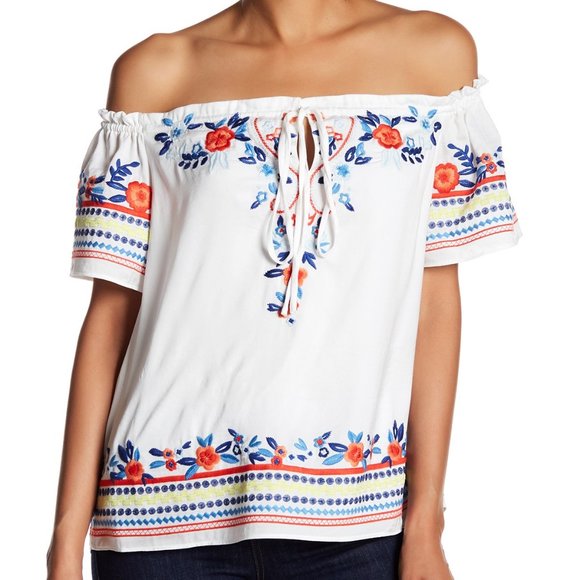 Parker Ariel Bright Embroidered Top - Picture 1 of 5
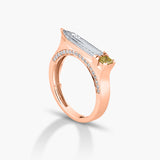 Yellow diamond and extra long baugette Ring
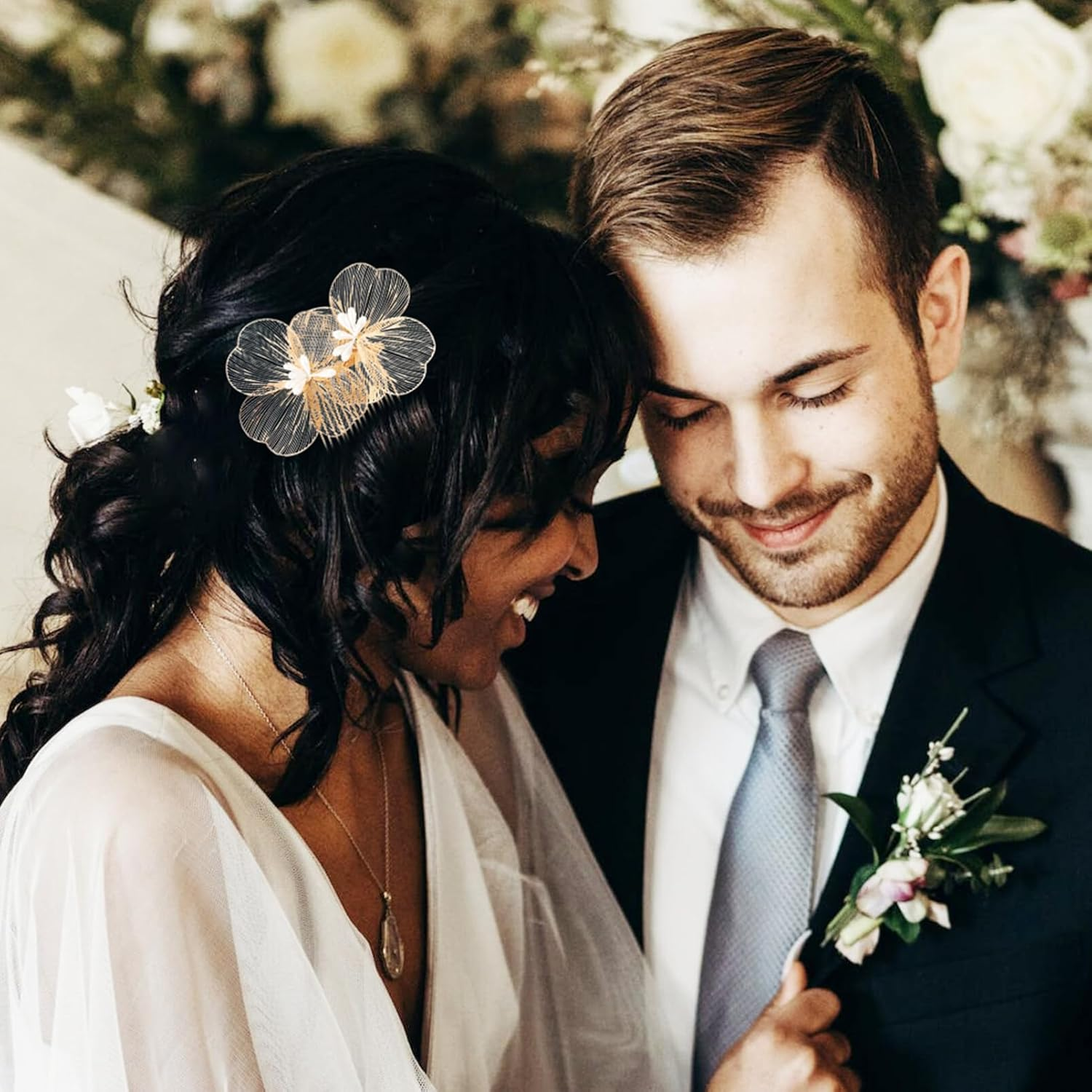 FOMIYES Bridal Hair Comb Flower Gold Tone Elegant Hair Accessory image number 3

WHAT THE TASK REQUIRES: Above is a listing with pictures. Write it out exactly without them.

ANSWER BOX:
 Parker Ariel Bright Embroidered Top - Picture 1 of 5
 Yellow diamond and extra long baugette Ring
 FOMIYES Bridal Hair Comb Flower Gold Tone Elegant Hair Accessory image number 3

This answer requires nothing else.